If the Legislature in its wisdom had conceived that it was desirable or necessary to classify the risks which should be covered by state hail insurance, and that it was necessary and desirable from the point of view of the hail insurance department to provide that lands incumbered by a rural credit mortgage with interest thereon delinquent should not be subject to state hail insurance, and to that end, and as indicative of that object and purpose, had enacted the words of section 20 under a title relating to' the subject of hail insurance, it is possible that such statute might be upheld as a valid and reasonable legislative regulation of the hail insurance business of the state without regard to any incidental effect thereof in the field of rural credits. That question, however, is not before us, and we expressly refrain from passing thereon. The Legislature by enacting the words of section 20 under the title of chapter 187 have definitely stated that they were legislating in the field of rural credits, not in the field of hail insurance. The constitutionality of section 20 viewed primarily as a rural credit regulation, which the Legislature by the present title have said they intended it to be, is not in any wise affected by the fact, if it be a fact, that the Legislataure might validly have enacted the same or similar words under a proper title in the field of hail insurance if they had entertained the view that the exigencies of the hail insurance situation required such legislation.

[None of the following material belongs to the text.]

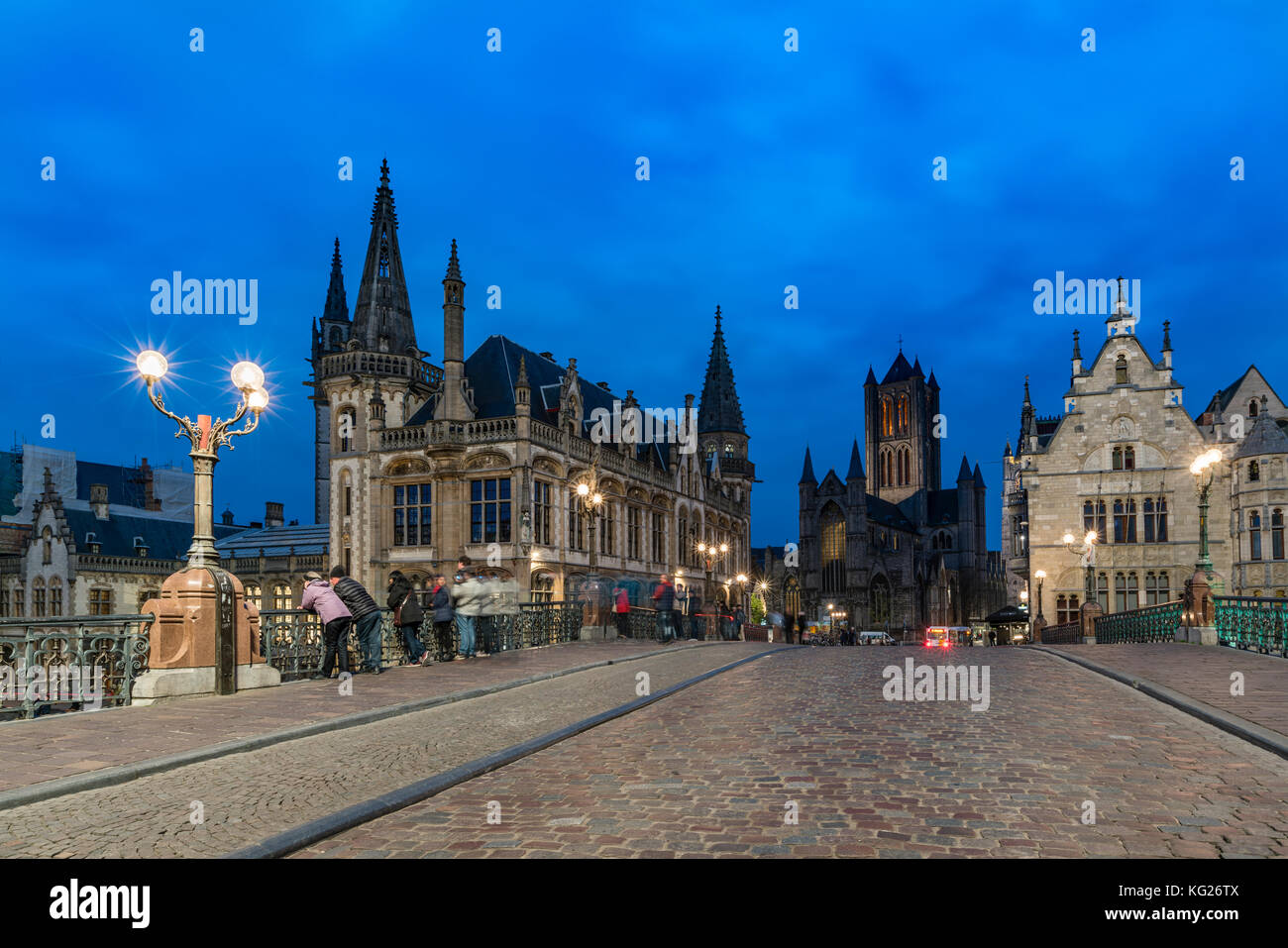 Blick auf die Kathedrale von der St. Michael-Brücke, Gent, Provinz Ostflandern, Flämische Region, Belgien, Europa Stockfoto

Viewing section 20 then in its rural credit aspect and as a rural credit regulation, which is the only manner in which it *236was enacted -by the Legislature, it seems quite clear that the necessary effect of the statute is to entail a new and additional consequence upon the failure of a rural credit borrower to pay his interest when due and to keep up his real estate taxes. Certainly by the terms of his rural credit contract it is the duty of the borrower to make his payments when due and to keep up his taxes. In default of so doing he renders himself liable to the sale of his land for taxes and to the acceleration of his debt and the foreclosure of the mortgage. Section 20, however, erects upon such default an additional penalty and forfeiture not provided for in the rural credit contract or by the terms of existing law at the time such contract was made, namely, that upon such default the borrower, and his tenants if he has any, shall be deprived of the privilege of exercising their discretion as to availing themselves of the benefits and assuming the correlative burdens of the state hail insurance law, a privilege otherwise extended to all landowners and tenants. The rural credit mortgage is a contract between the state and the mortgagor. Such contract, excepting in so far as the right of impairment may be reserved 'by existing law at the time of the creation thereof, is no more subject to subsequent impairment by legislative act than is a contract between individuals. As to all rural credit contracts existing at the time chapter 187, Laws 1927, took effect, and the contract of respondent was one of those, it seems clear that section 20 of the 1927 statute is an unconstitutional impairment within the provisions of section 12, article 6, of the 'Constitution of South Dakota, and section 10 of article 1 of the Constitution of the United States.

We are therefore of the opinion that the learned trial judge rightly denied the motion to quash, and the order appealed 'from is affirmed.

SHERWOOD, BURCH, and BROWN, JJ., concur. POLLEY, J., disqualified and not sitting.